For example: ‘If I were a rainbow ... I would arch my back; I would bring promises to sick children.’
‘If I were a walk ... I would stretch across the South Downs from Midhurst to Beachy Head; I would be a stride, a loping gait, a soft-shoe shuffle.’
‘If you were a particle of dust in the museum ... you would dance in sunbeams, before settling with others in dark, combustible corners; you would move from room to room on a feather duster; you would drift.’
It was a playful way of pinging the elastic of language, and it brought laughs and surprises. Another of the affordances of writing, perhaps?
Kirsty Sullivan, the museum’s education officer, had kindly offered us the use of the Pocohontas room, so that we could gather there, in the basement, to share and discuss.
Our writing reverberated with the language and stories of the museum.

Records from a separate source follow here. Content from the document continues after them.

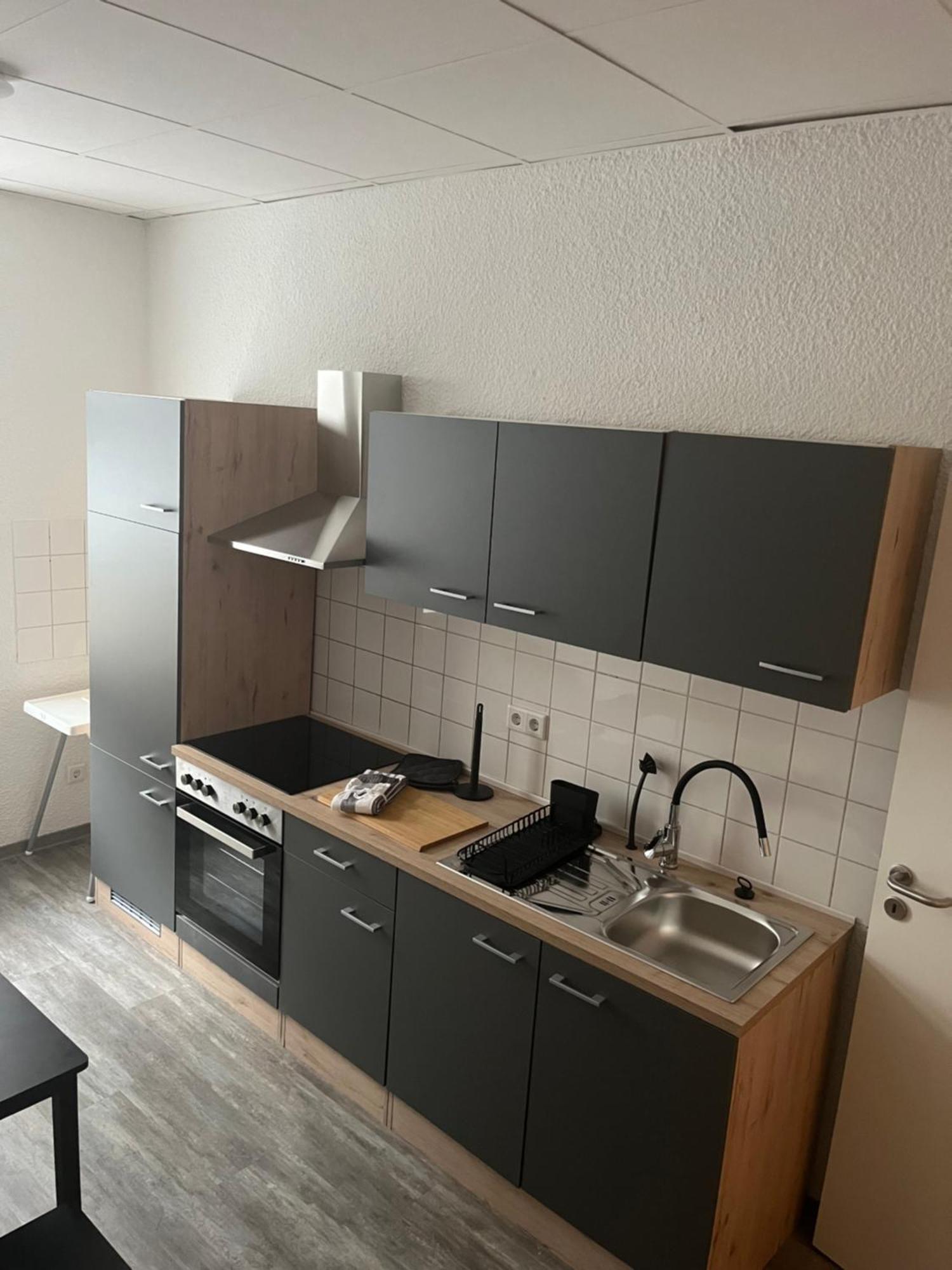 Mh Apartments Erfurt Eksteriør bilde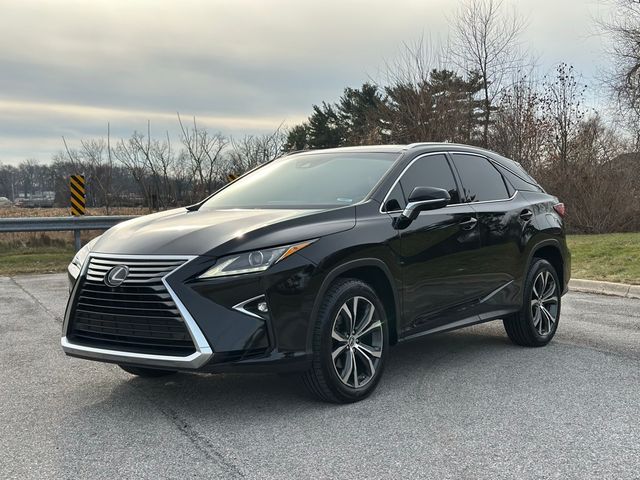 2019 Lexus RX 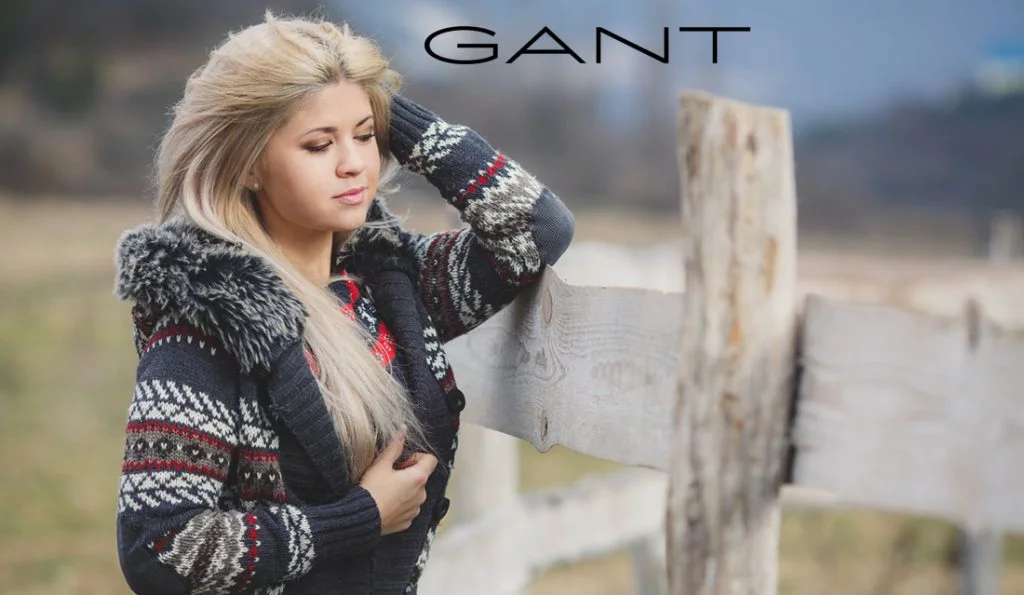 Gant dla Kobiet - jesień / zima 2016/17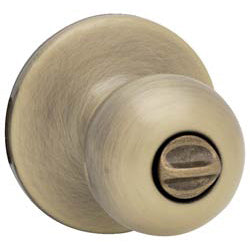 Polo Privacy/Bed & Bath Knob - 300 Series - Boxpack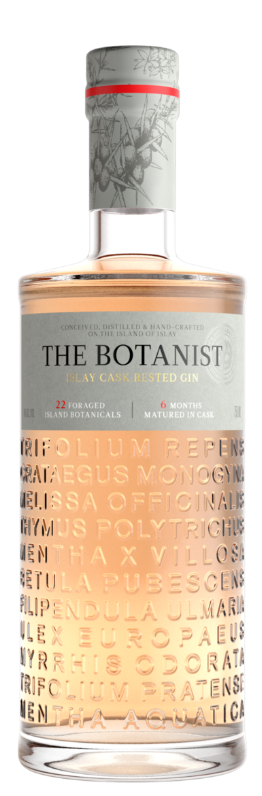 The Botanist Gin Islay Cask Rested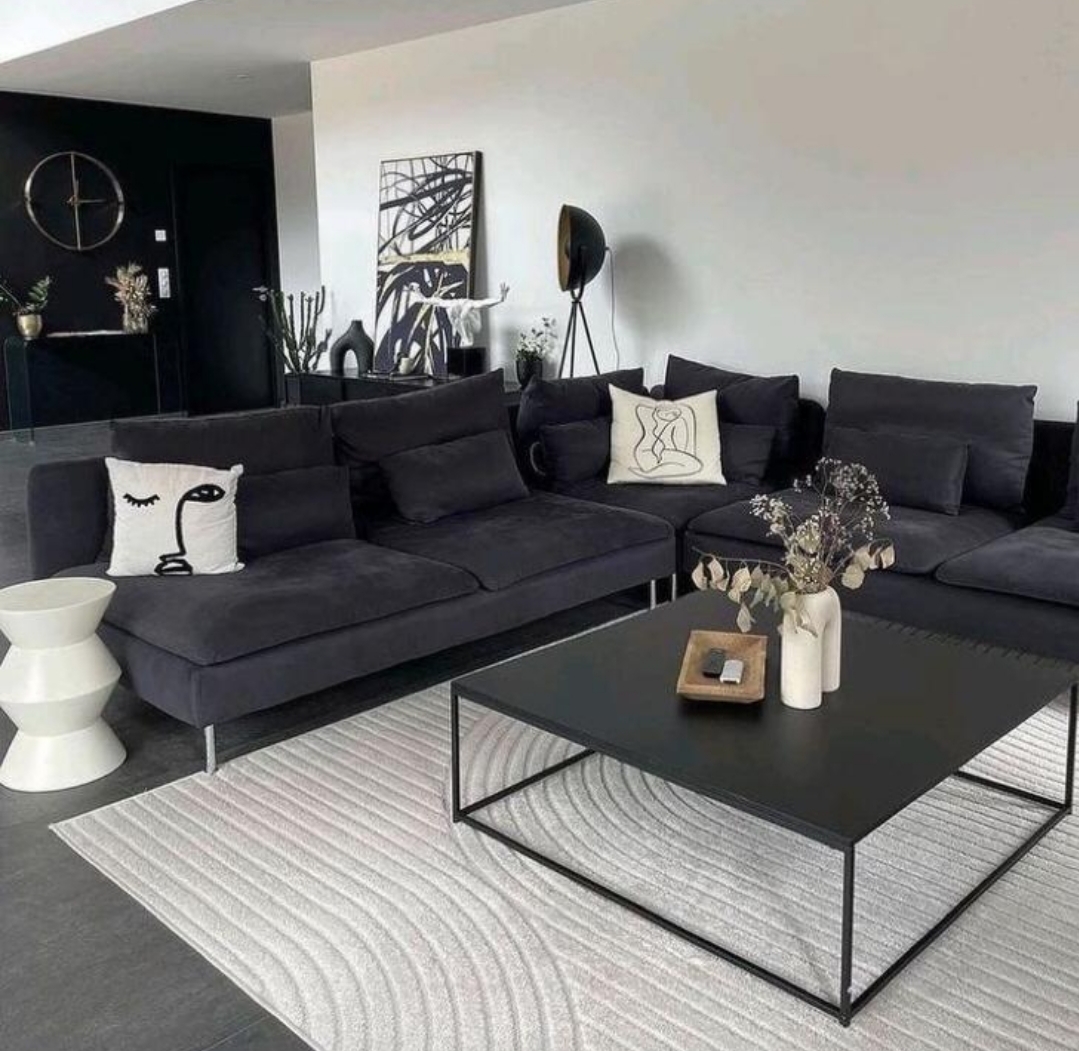 جلومبلی مربعی فلزی رنگ کوره ای دیجی کالا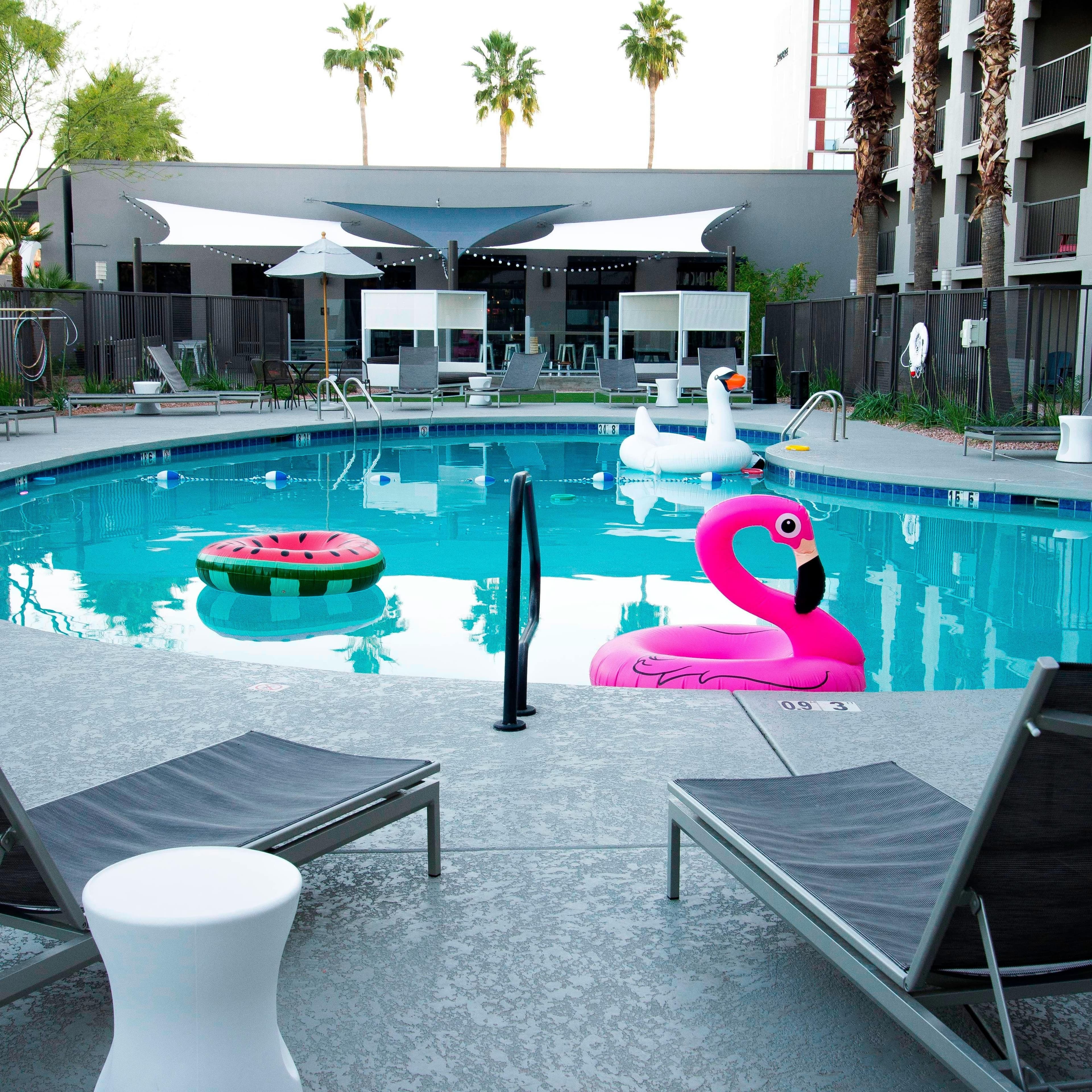 Moxy Phoenix Tempe/ASU Area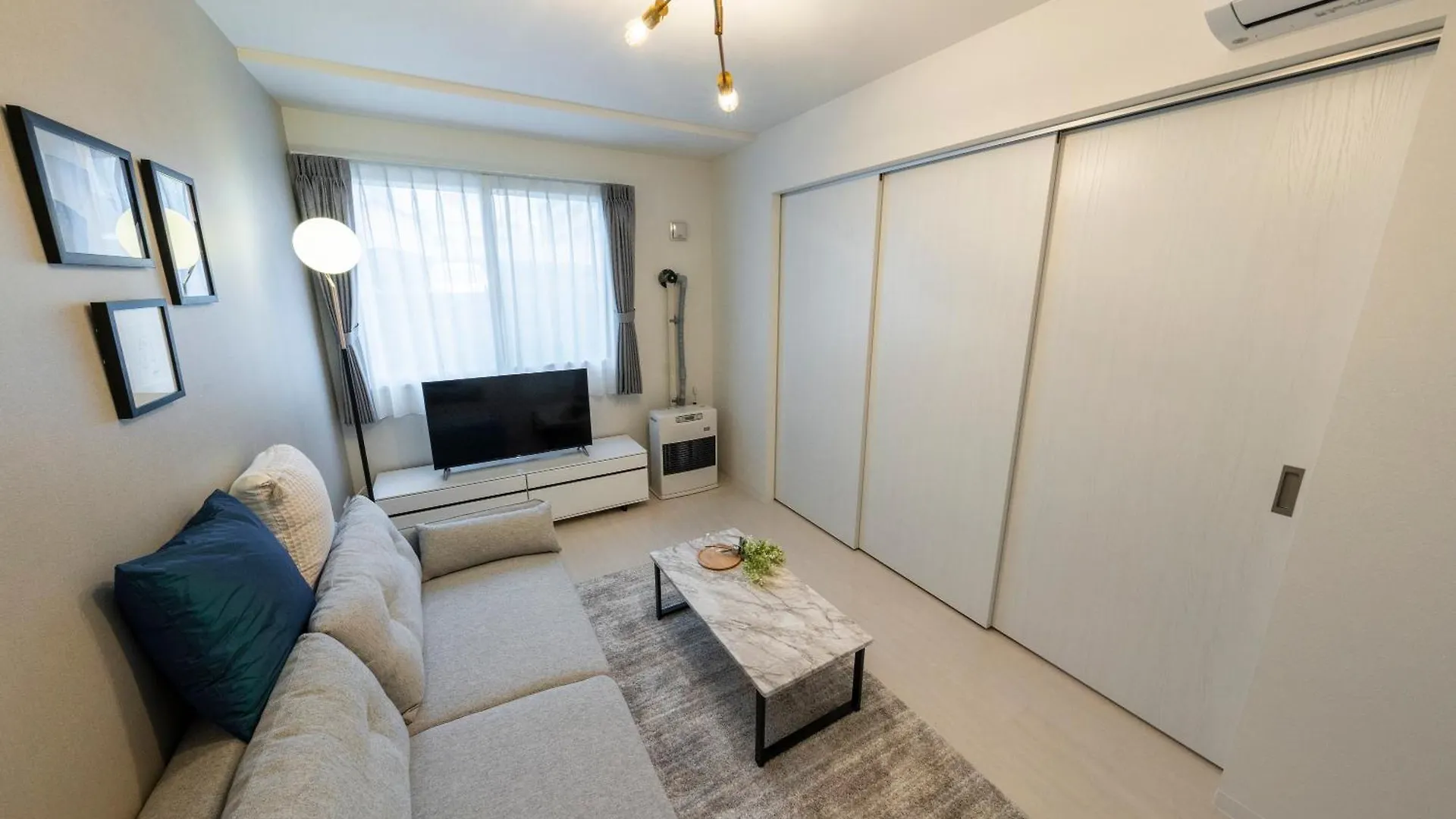 Apartment Unakite Sapporo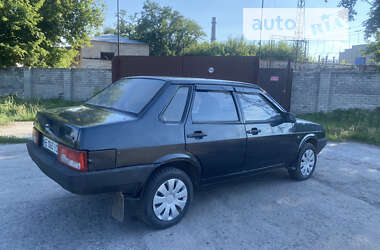 Седан ВАЗ / Lada 21099 2006 в Павлограде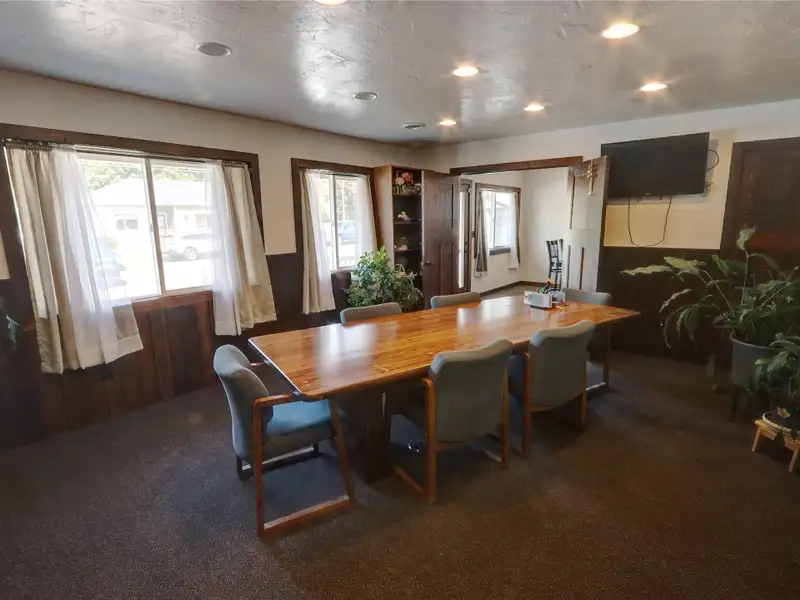 Versatile Downtown Office Suite with Two Private Offices and Shared Amenities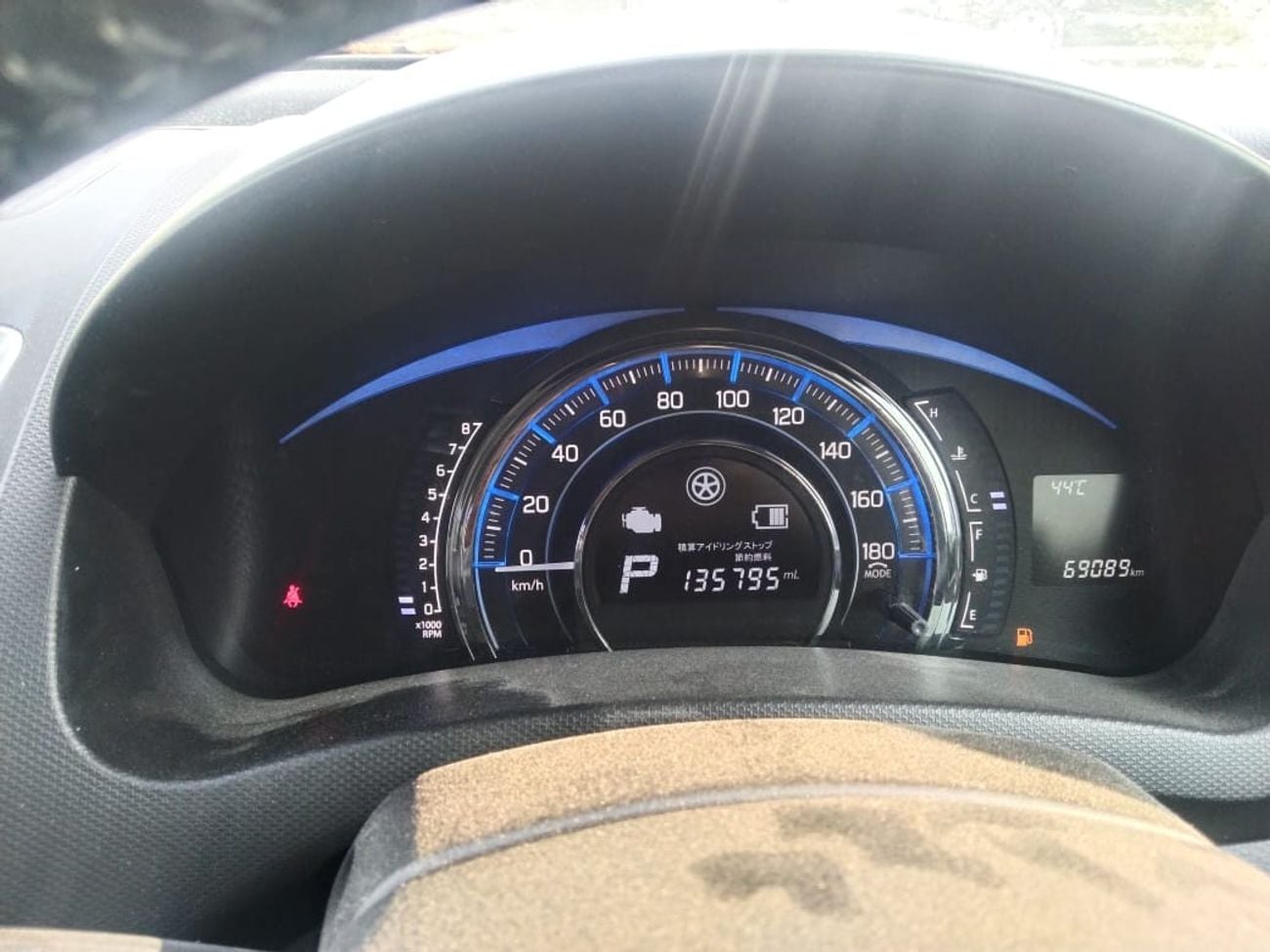 Suzuki Swift SUZUKI SWIFT 2014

The contents of its warehouse were re-purposed, and we even heard echoes of our earlier writing exercise.
- There was a sinister story of potions and poisons, with a magical list of teas – Lapsang Souchong, Orange Pekoe, Formosa Oolong, Assam, Darjeeling, Qilan – drawn from the emporium upstairs.
- There was speculation about excavated remains found during the Crossrail tunnelling (a separate and fascinating exhibition) ‘ 30 skulls found in a ditch, worn by shifting tides’.
- There was a fantasy about a Yoruba king, ‘moulded and cast in bronze – eyes that once saw’.
- There was tragedy preserved in the 1898 footage of the launch of the battleship, HMS Albion when innocent spectators washed off a bridge by the bow-wave. Death on a bridge.
We shuddered at how the past repeats itself like a loop of film. But writing together - really joined-up writing - allows us to process these things symbolically.